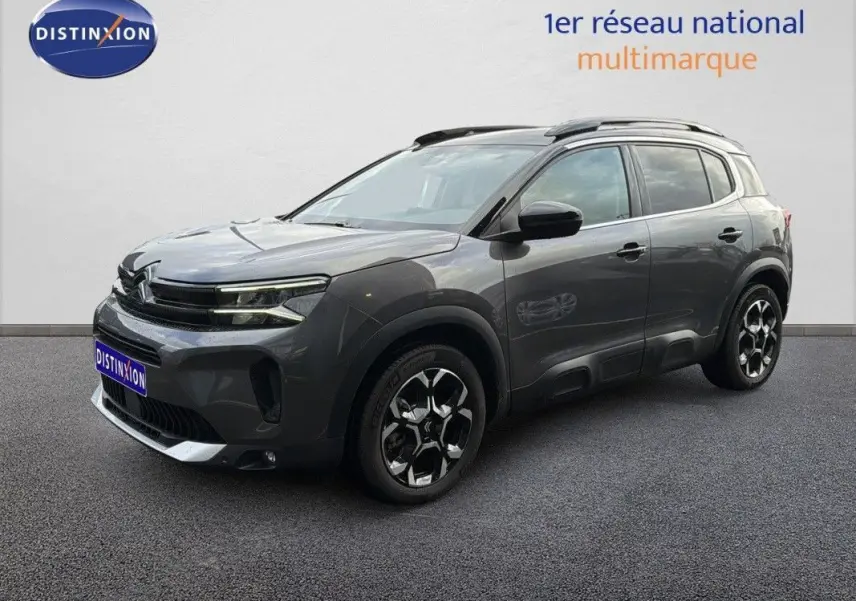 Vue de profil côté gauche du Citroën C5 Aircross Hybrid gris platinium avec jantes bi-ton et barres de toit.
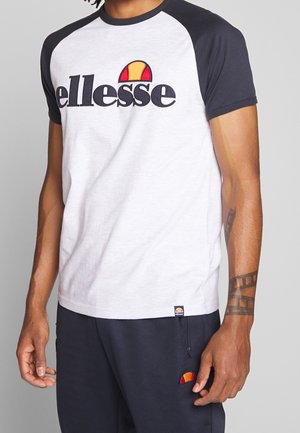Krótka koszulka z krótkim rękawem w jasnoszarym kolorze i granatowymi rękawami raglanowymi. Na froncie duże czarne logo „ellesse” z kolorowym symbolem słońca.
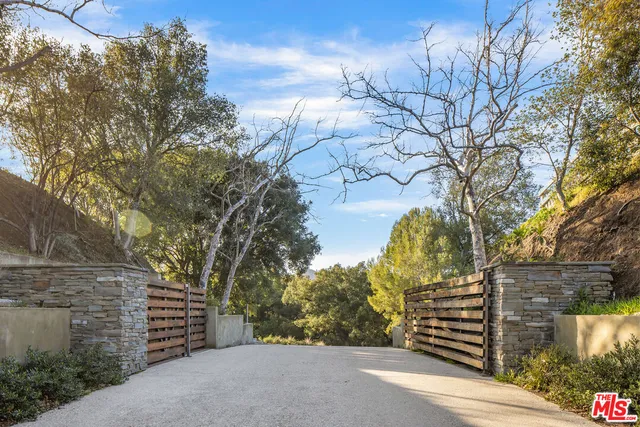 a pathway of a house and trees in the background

==

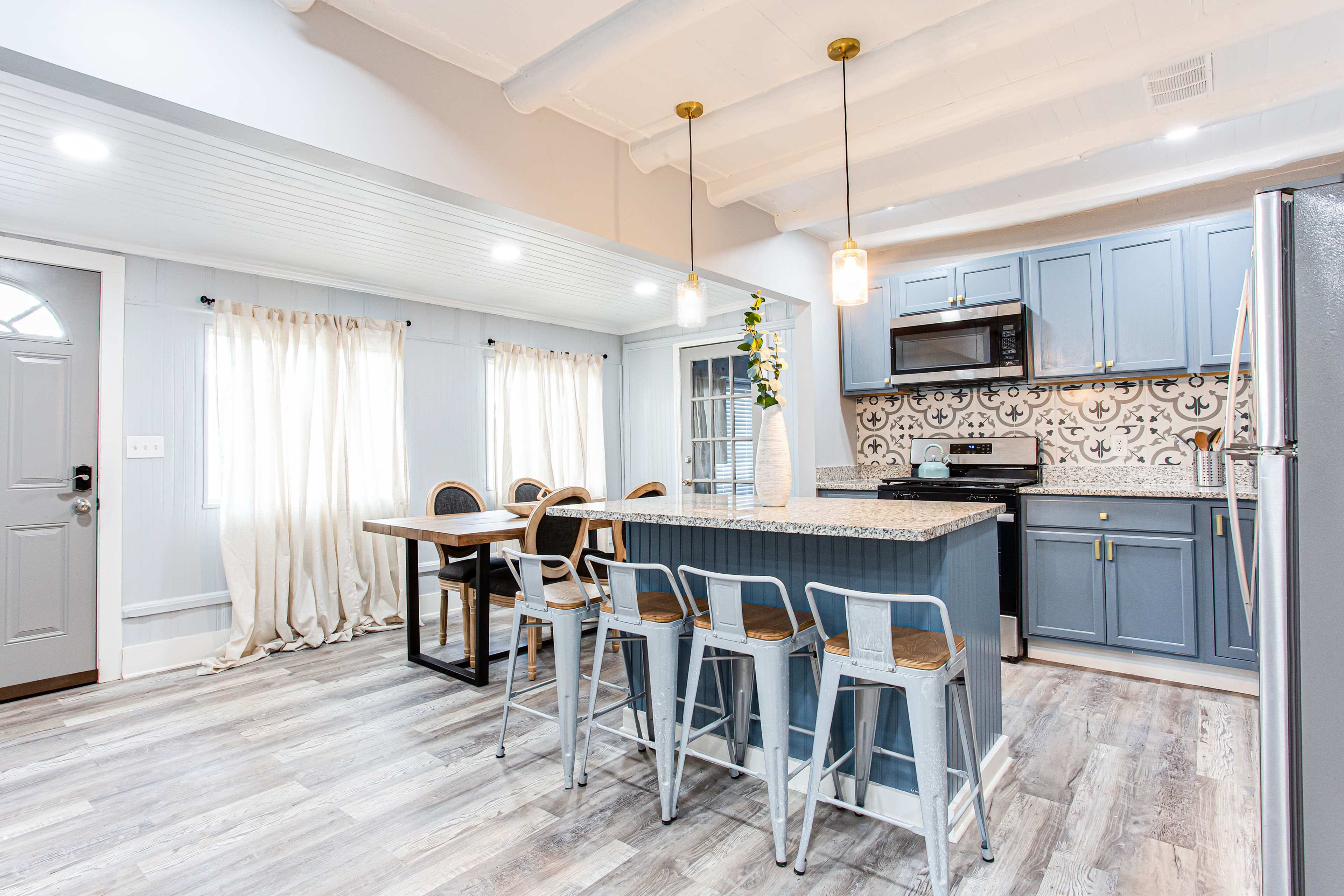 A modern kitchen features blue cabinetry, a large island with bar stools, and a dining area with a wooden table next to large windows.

* * *

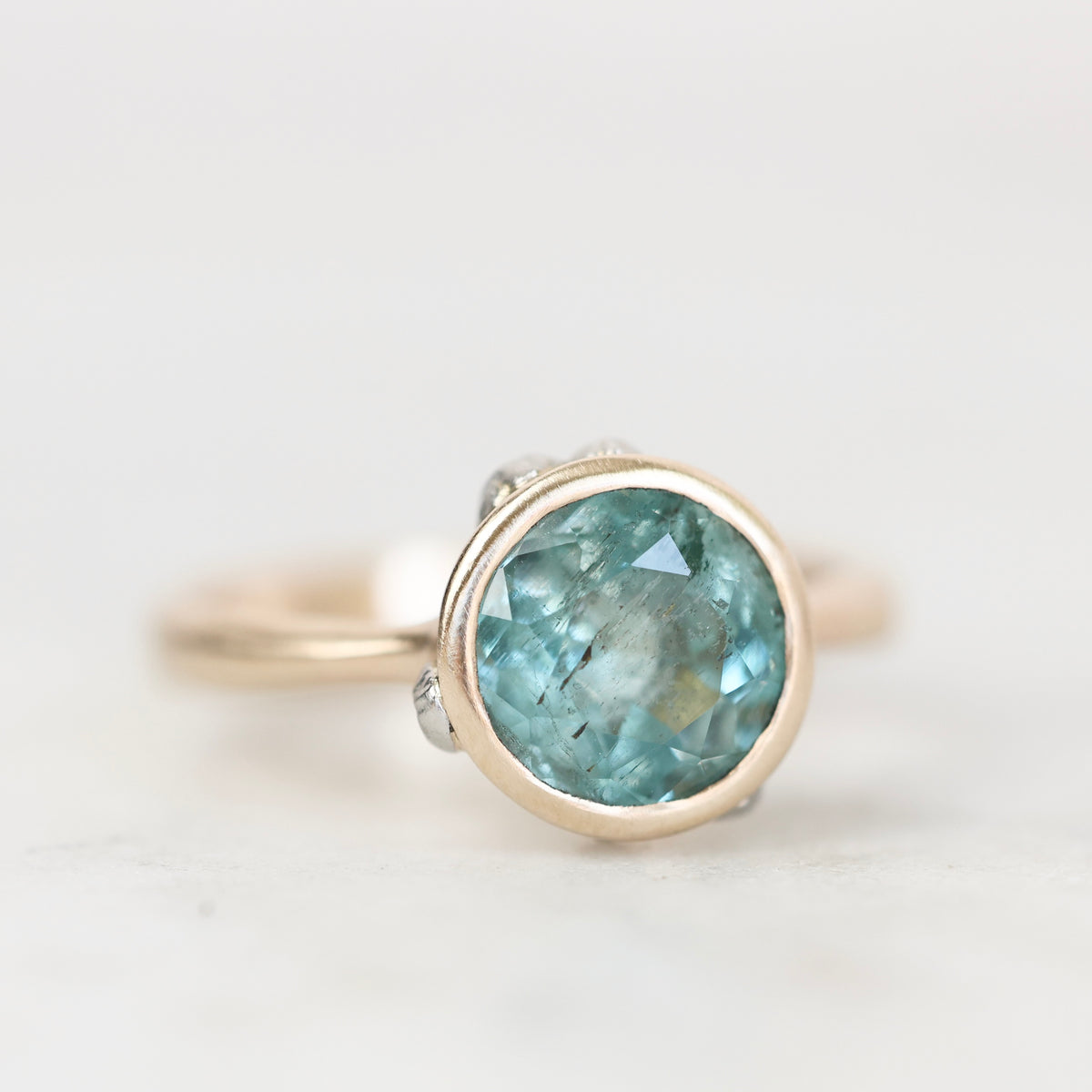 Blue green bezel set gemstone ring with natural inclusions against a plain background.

Work task: Repeat exactly the stretch of the listing above that starts with the line holding "Krótka koszulka z" and finishes with the line holding "a pathway of", both included. Skip every picture.

Response to this exercise:
Krótka koszulka z krótkim rękawem w jasnoszarym kolorze i granatowymi rękawami raglanowymi. Na froncie duże czarne logo „ellesse” z kolorowym symbolem słońca.
 a pathway of a house and trees in the background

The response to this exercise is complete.